Rundingan Vonis Korupsi



PENEGAK hukum di Republik ini tengah berjalan mundur dalam perang melawan korupsi. Majelis Hakim kerap memvonis ringan kepada para pelaku korupsi. Fenomena itu amat tidak sepadan dengan tingkat kejahatan luar biasa yang disandang para pengisap uang rakyat.

Seperti vonis yang dijatuhi Majelis Hakim Pengadilan Negeri Tanjungkarang terhadap mantan Kepala Dinas Pendidikan Provinsi Lampung Tauhidi, Selasa (16/8/2016) lalu. Tauhidi yang juga mantan Penjabat Bupati Lampung Timur itu dijatuhi hukuman penjara 1 tahun 2 bulan oleh Hakim Ketua Syamsudin.

Vonis itu lebih ringan 4 bulan dari tuntutan Jaksa Nuritias yang menuntut hukuman 1 tahun 6 bulan penjara untuk korupsi bernilai Rp8,9 miliar. Terdakwa Tauhidi juga hanya diwajibkan membayar denda Rp50 juta subsider 3 bulan penjara atas tindak pidananya tersebut. Vonis hakim itu tidak sesuai dengan dikorupnya uang rakyat.

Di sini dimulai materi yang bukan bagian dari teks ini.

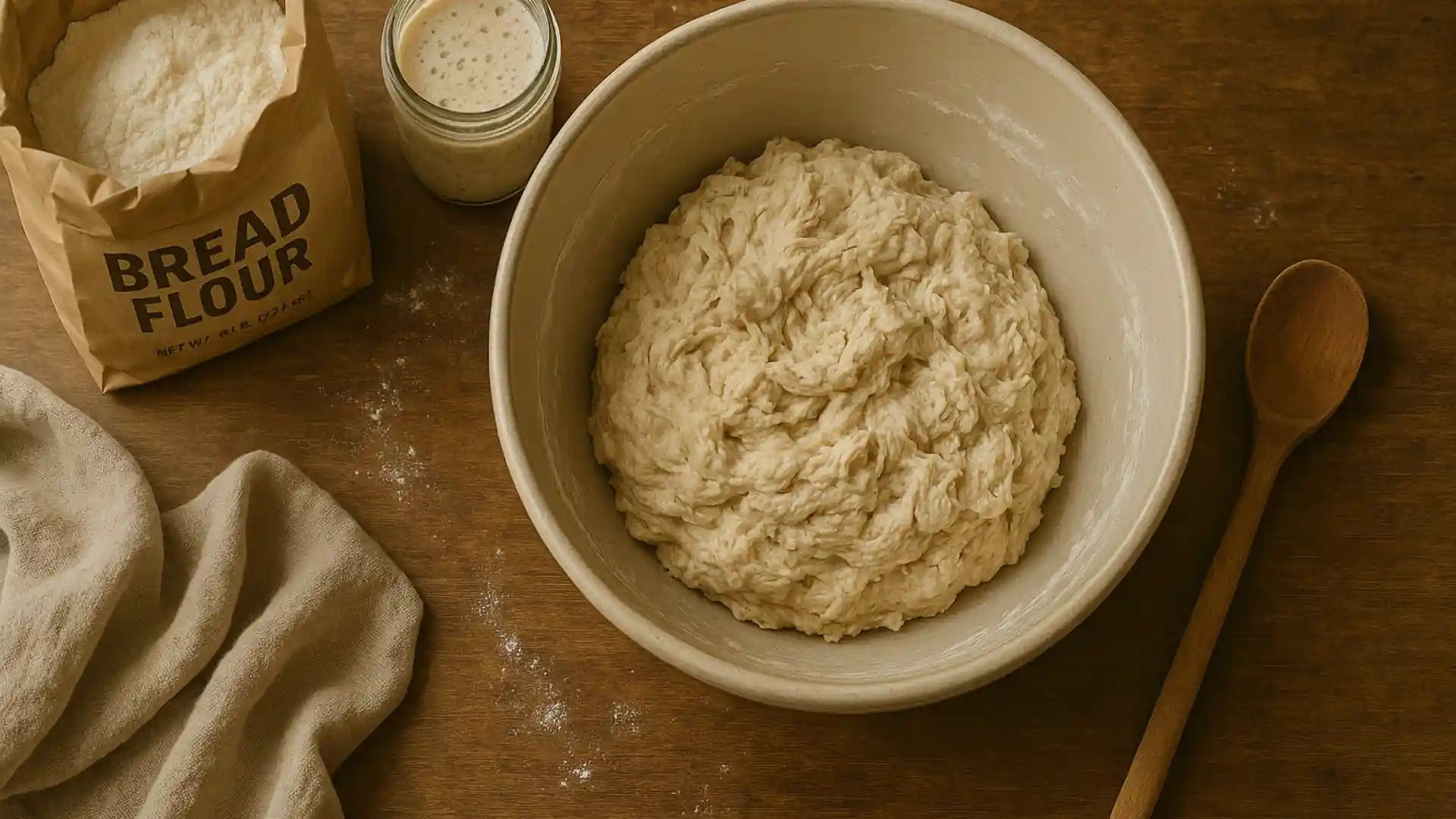 Overhead view of sourdough dough just mixed in a bowl with starter, flour, and spoon on rustic kitchen counter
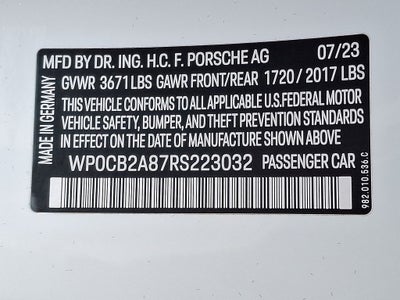 2024 Porsche 718 Boxster S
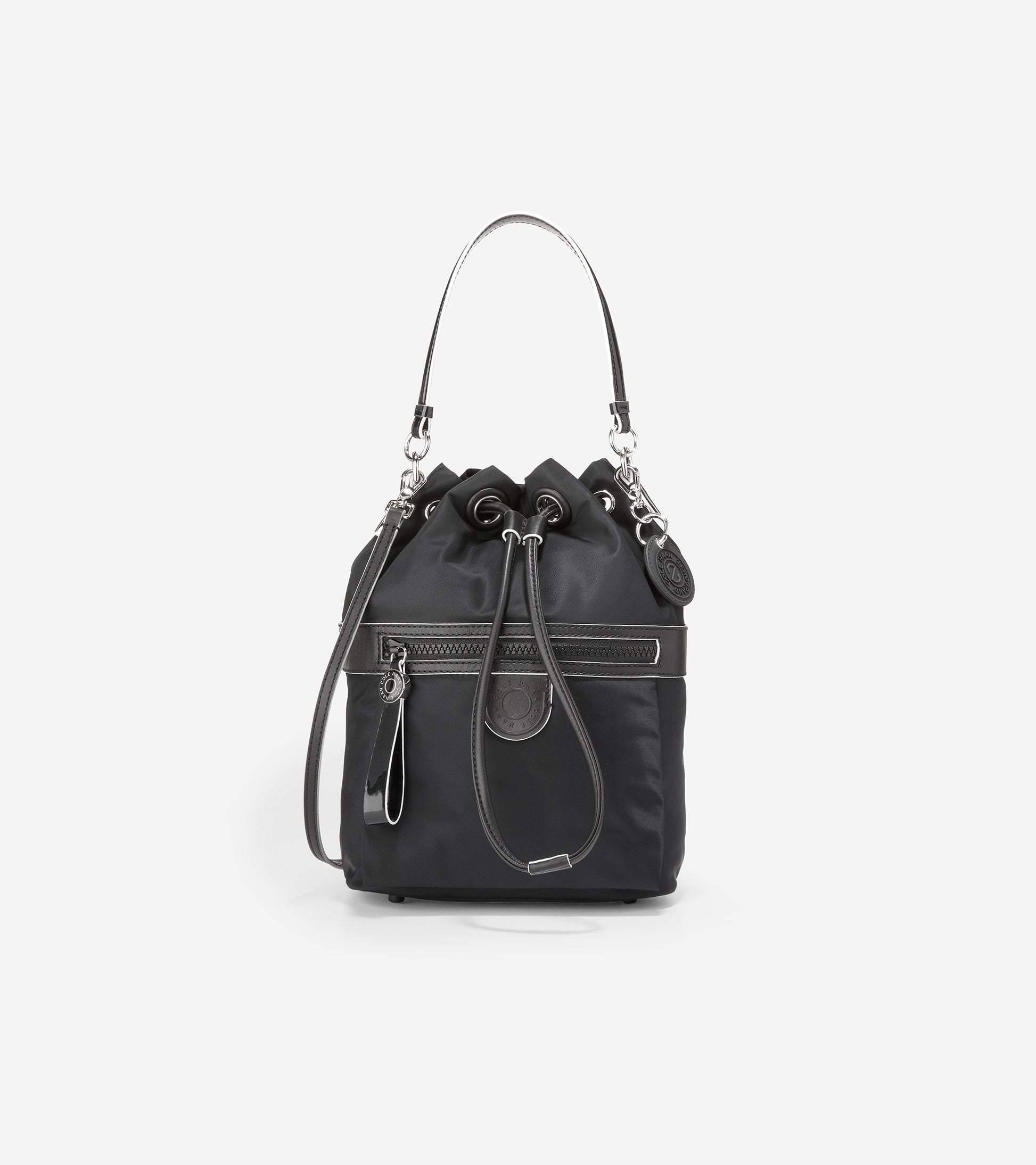 ColeHaan-Nylon Drawstring Crossbody-u05144-Black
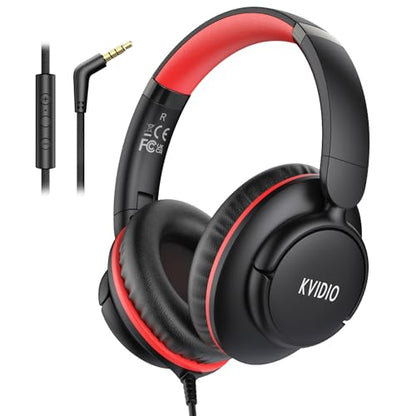 KVIDIO Wired Headphones with Microphone, Over Ear Foldable 3.5mm Plug in Corded Headphones with Volume Control, 4.9ft Tangle-Free Cord for Tablet Laptop MP3/4 School, Airplane Travel Black Red | Wired Over Ear Foldable Headphones for Teens Classroom Trave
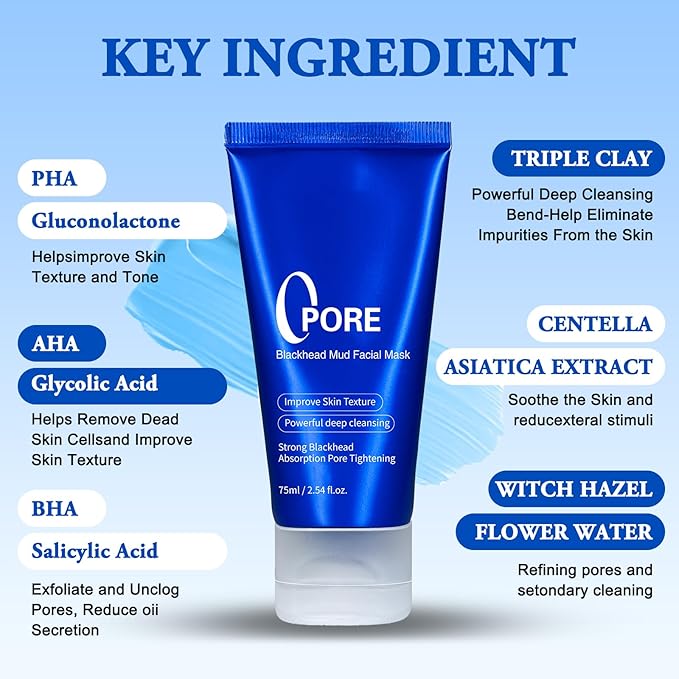 Blackhead Remover Mask, Cooling & Pore Tightening, Quick Dry Formula, Deep Cleansing and Soothing Effect Skincare for All Skin Types Blackhead Remover Face Mask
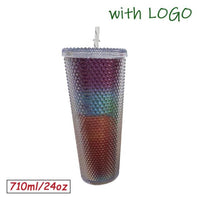 1PC Diamond Radiant Goddess Cup With LOGO 710ml Summer Cold Water Cup Tumbler With Straw Double Layer Plastic Durian Coffee Mug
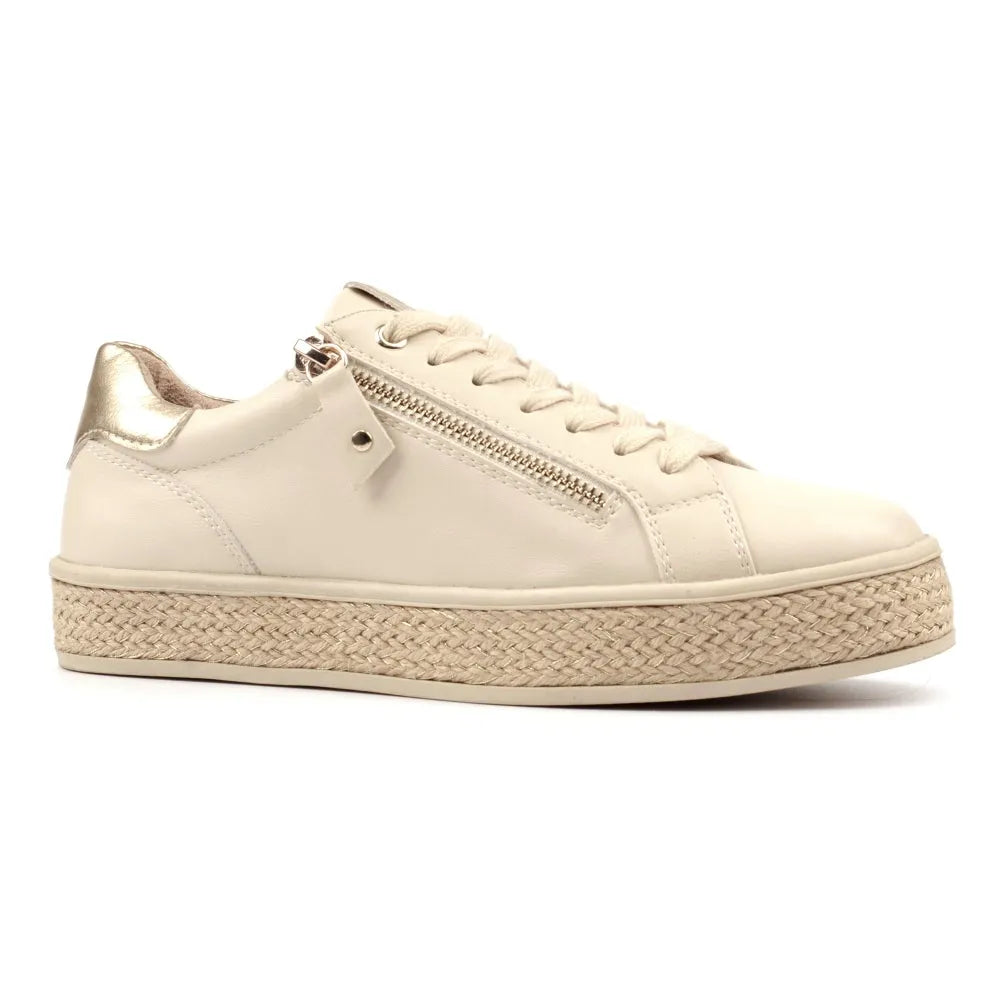 Lunar DLB108 Hallie Ladies Beige Zip & Lace Trainers with metallic accents and woven platform sole.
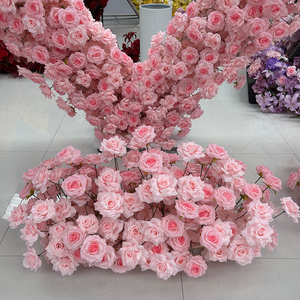 Arco de Flores de Rosas Rosadas de Seda en Forma de Corazón, Romántico y Realista, Arreglo Floral Artificial Hecho a Mano para Bodas, Escenarios y Cabinas de Fotos - Product Image 3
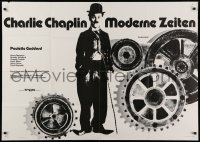 9j194 MODERN TIMES German 33x47 R1963 classic Charlie Chaplin, great image with giant gears!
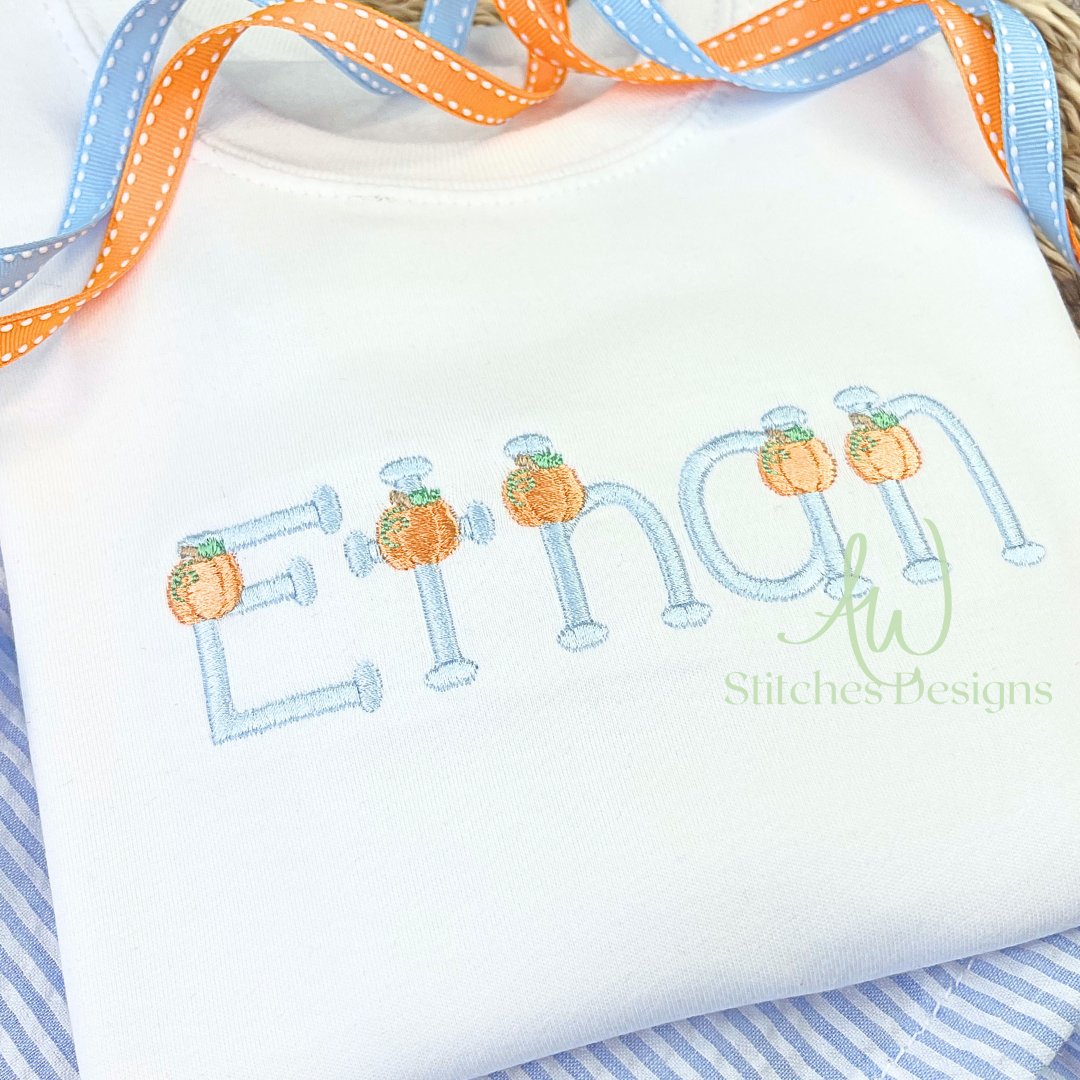 Pumpkin patch satin stitch font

Sejak awal, tuntutan jaksa yang hanya 1,5 tahun sudah membuat publik meragukan komitmen Korps Adhyaksa yang lebih garang memberantas korupsi. Karena jelas, dalam sistem peradilan pidana, hakim tidak diperkenankan memvonis lebih tinggi dari yang dituntut jaksa.

Vonis ringan Tauhidi di Pengadilan Negeri merupakan cerminan umum loyonya sistem peradilan di Tanah Air menghukum koruptor. Data Indonesia Corruption Watch (ICW) menunjukkan vonis korupsi semester I tahun 2016 sebagian besar ringan, yaitu 1 hingga 4 tahun penjara.

ICW melansir dari total 384 terdakwa, 275 atau 71,6% divonis ringan. Sedangkan 46 terdakwa divonis bebas, 37 terdakwa divonis sedang, 7 divonis berat, dan 19 lainnya tak teridentifikasi. Parahnya, tren vonis ringan tersebut sudah terjadi dalam kurun lima tahun terakhir.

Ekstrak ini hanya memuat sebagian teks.